Key: The tool does NOT have an all_non_null mode. It always returns a single value, never an array.

Mapping CWL pickValue Modes to pick_value Tool

CWL pickValuepick_value pick_styleNotes
first_non_nullfirst_or_errorCWL spec says error if all null; first silently returns null
the_only_non_nullonlyDirect match: errors if 0 or >1 non-null
all_non_nullNO MATCHReturns string[]/File[] — pick_value can’t produce arrays

first_non_null Details

CWL spec: “Return first non-null. Error if all null.” Maps to first_or_error:

The first_non_null_all_null conformance test has should_fail: true, confirming the error behavior.

But there’s a subtlety: cond-wf-003.cwl has outputSource: [step1/out1, def] where def is a workflow input with default: "Direct". When step1 is skipped, the first_non_null should return the def value. This requires the def workflow input to be wired as a pick_from input alongside step1/out1.

the_only_non_null Details

Direct match to only mode. Errors if 0 non-null or >1 non-null. Conformance tests pass_through_required_fail, the_only_non_null_multi_true are should_fail: true.

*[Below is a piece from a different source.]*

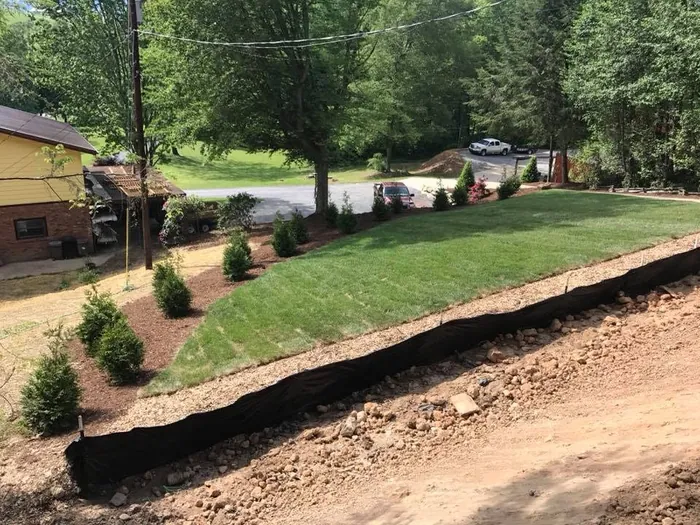 Finished lawn and new shrubs with silt fence protecting the graded slope below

all_non_null Details — THE HARD CASE

CWL all_non_null returns an array of all non-null values. Example from cond-wf-007.cwl:

outputs:
  out1:
    type: string[]
    outputSource: [step1/out1, step2/out1]
    pickValue: all_non_null

Expected outputs:

The existing pick_value tool cannot do this. It returns a scalar. Options:

  1. Extend pick_value tool with an all_non_null mode that returns an array/collection
  2. Use Galaxy’s multi-source-to-collection merging (already exists in replacement_for_input_connections)
  3. Write a new expression tool specifically for all_non_null
  4. Handle all_non_null as a runtime feature rather than a tool

How Skipped Step Outputs Work in Galaxy

When when=False, the step is skipped via __when_value__:

  1. modules.py:2771slice_dict["__when_value__"] = when_value (False)
  2. execute.py:301skip = slice_params.pop("__when_value__", None) is False
  3. execute.py:249skip=skip passed to handle_single_execution
  4. actions/__init__.py:794-803 — Job state set to SKIPPED, outputs handled:
if skip:
    job.state = job.states.SKIPPED
    for output_collection in output_collections.out_collections.values():
        output_collection.mark_as_populated()
    ...
    for data in out_data.values():
        data.set_skipped(object_store_populator, replace_dataset=False)
  1. model/__init__.py:5249-5265set_skipped():
self.extension = "expression.json"
self.state = self.states.OK  # state is OK, not error
self.blurb = "skipped"
self.peek = json.dumps(None)
self.visible = False
# File content is literally: null
with open(self.dataset.get_file_name(), "w") as out:
    out.write(json.dumps(None))

The output HDA exists, has state=OK, but contains null JSON and has expression.json extension.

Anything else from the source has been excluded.